▶ [TASK GOAL]:
Print the data that follows, exactly and completely.

▶ [SUPPLIED MATERIAL]:

========

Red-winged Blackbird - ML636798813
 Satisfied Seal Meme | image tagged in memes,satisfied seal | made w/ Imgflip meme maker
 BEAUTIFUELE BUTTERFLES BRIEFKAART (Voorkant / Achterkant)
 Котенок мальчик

========

▶ [OUTPUT BELOW]:
Red-winged Blackbird - ML636798813
 Satisfied Seal Meme | image tagged in memes,satisfied seal | made w/ Imgflip meme maker
 BEAUTIFUELE BUTTERFLES BRIEFKAART (Voorkant / Achterkant)
 Котенок мальчик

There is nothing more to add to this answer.